Yices supports a range of theories: linear integer arithmetic and linear real arithmetic used in research at MIT, nonlinear arithmetic interfaces similar to approaches in Mathematica and Maple, fixed-size bit-vectors employed in RISC-V and x86 architecture verification, arrays and extensional arrays relevant to ARM Holdings and Intel Corporation microarchitecture studies, algebraic datatypes adopted in Coq and Isabelle/HOL encodings, and uninterpreted functions common in Princeton University symbolic reasoning. Its solving techniques include DPLL(T) style SAT solving, theory propagation used in Z3 (theorem prover) comparisons, affine and simplex methods reminiscent of algorithms taught at California Institute of Technology, congruence closure methods similar to systems in ACL2, and model-based quantifier instantiation strategies used in CVC4 and SMTInterpol. Yices also offers tactics for quantifier handling inspired by approaches discussed at CAV and CADE.
Yices provides command-line interfaces, C and C++ APIs, and higher-level bindings inspired by integrations in projects such as Rosette and Dafny. It supports the SMT-LIB input language facilitating use with frontends like Sail (language) for processor modeling and with verification frameworks including Frama-C, SeaHorn, and KLEE. Yices has been wrapped for use in environments like Python (programming language), Haskell, and OCaml enabling research at University of Cambridge and ETH Zurich. Integrations with continuous integration and build systems traceable to Jenkins (software), Travis CI, and GitHub Actions are common in industrial verification pipelines at firms like Microsoft, Apple Inc., and Google LLC. Toolchains for hardware verification connecting to synthesis tools from Cadence Design Systems, Synopsys, and Mentor Graphics have also leveraged Yices.
Yices has been evaluated on SMT-LIB benchmark suites and compared in empirical studies alongside Z3 (theorem prover), CVC4, Boolector, MathSAT, veriT, and STP (solver). Benchmarking results reported at venues such as SAT Conference, CAV, and TACAS illustrate Yices's competitive performance in linear arithmetic, bit-vector reasoning for ARM Holdings and Intel Corporation ISA models, and array-heavy verification tasks found in CBMC benchmarks. The solver's incremental features are often highlighted in regression suites used by IBM Research and academic groups at University of Oxford and University College London.
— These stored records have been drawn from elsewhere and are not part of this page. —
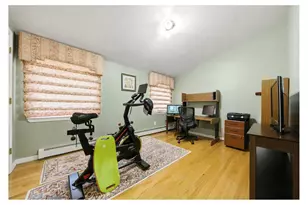 2410 Lodovick Ave, New York City, NY 10469 - Photo 35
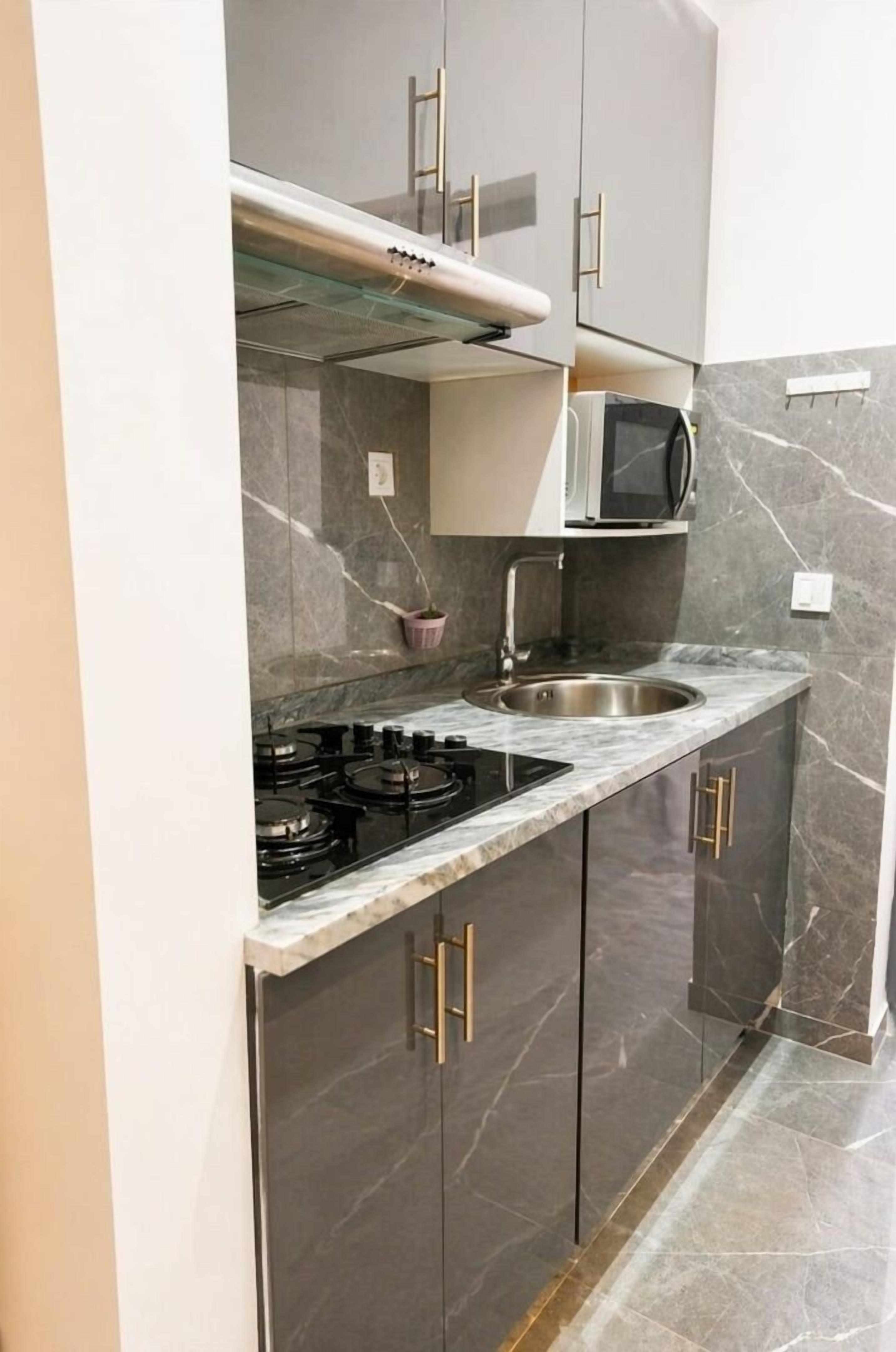 Fridge, microwave, stovetop, toaster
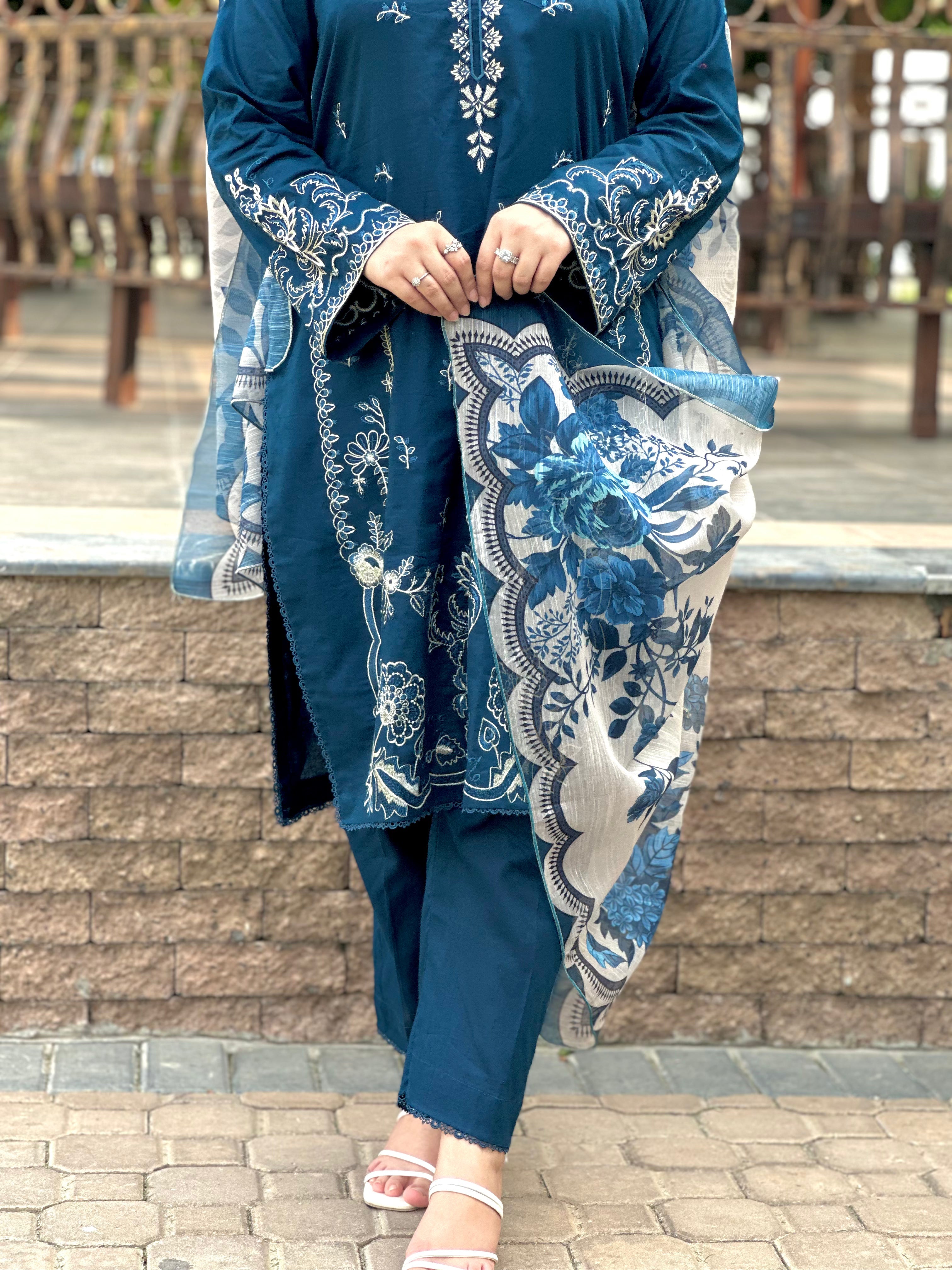 Grace S1002-Embroidered 3pc Lawn dress with Printed Munar Dupatta.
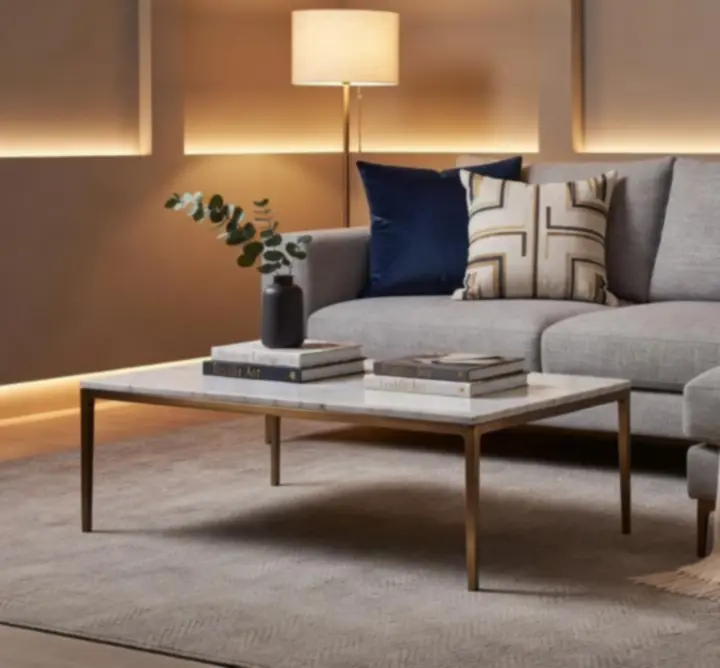 Kanapé kiegészítő párnákkal, takaróval és dohányzóasztallal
Performance tuning has involved heuristics comparable to those developed in Z3 (theorem prover) and algorithmic strategies informed by work at ETH Zurich and Max Planck Institute for Software Systems.
Yices development has been driven by researchers at SRI International with contributions and adopters across academia and industry. Licensing historically included free binaries for academic research and commercial licenses for enterprise use, similar to policies used by MathWorks and Synopsys for proprietary tools. Over time, Yices releases and versioning have been discussed in forums frequented by researchers from Carnegie Mellon University, University of Toronto, University of California, San Diego, and corporate users at Intel Corporation and ARM Holdings. Development roadmap items and community interactions have been coordinated with standards bodies around SMT-LIB and reported at conferences including CAV and TACAS.